■ **WHAT TO WORK ON**
Take the data below and repeat it exactly.

■ **DATA TO EXAMINE**
::::::

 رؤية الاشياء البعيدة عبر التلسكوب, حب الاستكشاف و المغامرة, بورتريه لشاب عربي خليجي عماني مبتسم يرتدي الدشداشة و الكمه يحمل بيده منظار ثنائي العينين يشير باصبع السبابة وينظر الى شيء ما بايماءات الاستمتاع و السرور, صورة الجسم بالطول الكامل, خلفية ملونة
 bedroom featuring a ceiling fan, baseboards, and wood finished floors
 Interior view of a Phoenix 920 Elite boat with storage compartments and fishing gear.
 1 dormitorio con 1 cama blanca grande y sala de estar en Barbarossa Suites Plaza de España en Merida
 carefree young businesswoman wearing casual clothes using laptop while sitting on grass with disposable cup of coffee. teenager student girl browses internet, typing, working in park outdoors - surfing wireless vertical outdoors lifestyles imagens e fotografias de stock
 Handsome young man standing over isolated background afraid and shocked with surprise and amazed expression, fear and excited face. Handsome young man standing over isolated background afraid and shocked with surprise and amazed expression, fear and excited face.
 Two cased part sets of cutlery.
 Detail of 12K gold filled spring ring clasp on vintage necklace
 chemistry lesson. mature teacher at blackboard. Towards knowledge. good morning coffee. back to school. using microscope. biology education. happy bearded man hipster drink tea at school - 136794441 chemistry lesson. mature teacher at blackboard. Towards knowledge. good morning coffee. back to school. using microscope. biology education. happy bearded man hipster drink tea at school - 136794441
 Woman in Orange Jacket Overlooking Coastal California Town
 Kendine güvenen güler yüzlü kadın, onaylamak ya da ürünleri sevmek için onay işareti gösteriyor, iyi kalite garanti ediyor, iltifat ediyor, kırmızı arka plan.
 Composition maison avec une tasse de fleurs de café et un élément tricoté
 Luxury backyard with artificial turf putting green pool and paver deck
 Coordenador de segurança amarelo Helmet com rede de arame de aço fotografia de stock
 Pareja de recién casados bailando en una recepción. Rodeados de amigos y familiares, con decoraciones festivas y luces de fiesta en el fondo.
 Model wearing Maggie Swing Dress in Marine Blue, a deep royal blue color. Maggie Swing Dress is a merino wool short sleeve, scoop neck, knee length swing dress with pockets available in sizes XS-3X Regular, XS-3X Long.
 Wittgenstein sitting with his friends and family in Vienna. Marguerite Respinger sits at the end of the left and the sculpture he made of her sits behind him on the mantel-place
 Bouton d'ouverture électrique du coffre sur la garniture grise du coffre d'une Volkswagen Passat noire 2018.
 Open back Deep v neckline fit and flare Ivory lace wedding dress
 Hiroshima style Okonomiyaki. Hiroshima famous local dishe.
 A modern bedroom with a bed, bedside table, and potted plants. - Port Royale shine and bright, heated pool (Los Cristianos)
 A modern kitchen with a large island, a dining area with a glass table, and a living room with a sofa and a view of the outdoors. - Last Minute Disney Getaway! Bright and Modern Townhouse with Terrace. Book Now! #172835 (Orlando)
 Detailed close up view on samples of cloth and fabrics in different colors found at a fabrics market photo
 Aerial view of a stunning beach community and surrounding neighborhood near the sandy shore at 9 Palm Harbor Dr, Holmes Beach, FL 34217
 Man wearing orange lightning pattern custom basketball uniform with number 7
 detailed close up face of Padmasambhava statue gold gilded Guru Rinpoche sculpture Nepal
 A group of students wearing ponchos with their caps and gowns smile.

::::::

■ **EXERCISE RESPONSE**
 رؤية الاشياء البعيدة عبر التلسكوب, حب الاستكشاف و المغامرة, بورتريه لشاب عربي خليجي عماني مبتسم يرتدي الدشداشة و الكمه يحمل بيده منظار ثنائي العينين يشير باصبع السبابة وينظر الى شيء ما بايماءات الاستمتاع و السرور, صورة الجسم بالطول الكامل, خلفية ملونة
 bedroom featuring a ceiling fan, baseboards, and wood finished floors
 Interior view of a Phoenix 920 Elite boat with storage compartments and fishing gear.
 1 dormitorio con 1 cama blanca grande y sala de estar en Barbarossa Suites Plaza de España en Merida
 carefree young businesswoman wearing casual clothes using laptop while sitting on grass with disposable cup of coffee. teenager student girl browses internet, typing, working in park outdoors - surfing wireless vertical outdoors lifestyles imagens e fotografias de stock
 Handsome young man standing over isolated background afraid and shocked with surprise and amazed expression, fear and excited face. Handsome young man standing over isolated background afraid and shocked with surprise and amazed expression, fear and excited face.
 Two cased part sets of cutlery.
 Detail of 12K gold filled spring ring clasp on vintage necklace
 chemistry lesson. mature teacher at blackboard. Towards knowledge. good morning coffee. back to school. using microscope. biology education. happy bearded man hipster drink tea at school - 136794441 chemistry lesson. mature teacher at blackboard. Towards knowledge. good morning coffee. back to school. using microscope. biology education. happy bearded man hipster drink tea at school - 136794441
 Woman in Orange Jacket Overlooking Coastal California Town
 Kendine güvenen güler yüzlü kadın, onaylamak ya da ürünleri sevmek için onay işareti gösteriyor, iyi kalite garanti ediyor, iltifat ediyor, kırmızı arka plan.
 Composition maison avec une tasse de fleurs de café et un élément tricoté
 Luxury backyard with artificial turf putting green pool and paver deck
 Coordenador de segurança amarelo Helmet com rede de arame de aço fotografia de stock
 Pareja de recién casados bailando en una recepción. Rodeados de amigos y familiares, con decoraciones festivas y luces de fiesta en el fondo.
 Model wearing Maggie Swing Dress in Marine Blue, a deep royal blue color. Maggie Swing Dress is a merino wool short sleeve, scoop neck, knee length swing dress with pockets available in sizes XS-3X Regular, XS-3X Long.
 Wittgenstein sitting with his friends and family in Vienna. Marguerite Respinger sits at the end of the left and the sculpture he made of her sits behind him on the mantel-place
 Bouton d'ouverture électrique du coffre sur la garniture grise du coffre d'une Volkswagen Passat noire 2018.
 Open back Deep v neckline fit and flare Ivory lace wedding dress
 Hiroshima style Okonomiyaki. Hiroshima famous local dishe.
 A modern bedroom with a bed, bedside table, and potted plants. - Port Royale shine and bright, heated pool (Los Cristianos)
 A modern kitchen with a large island, a dining area with a glass table, and a living room with a sofa and a view of the outdoors. - Last Minute Disney Getaway! Bright and Modern Townhouse with Terrace. Book Now! #172835 (Orlando)
 Detailed close up view on samples of cloth and fabrics in different colors found at a fabrics market photo
 Aerial view of a stunning beach community and surrounding neighborhood near the sandy shore at 9 Palm Harbor Dr, Holmes Beach, FL 34217
 Man wearing orange lightning pattern custom basketball uniform with number 7
 detailed close up face of Padmasambhava statue gold gilded Guru Rinpoche sculpture Nepal
 A group of students wearing ponchos with their caps and gowns smile.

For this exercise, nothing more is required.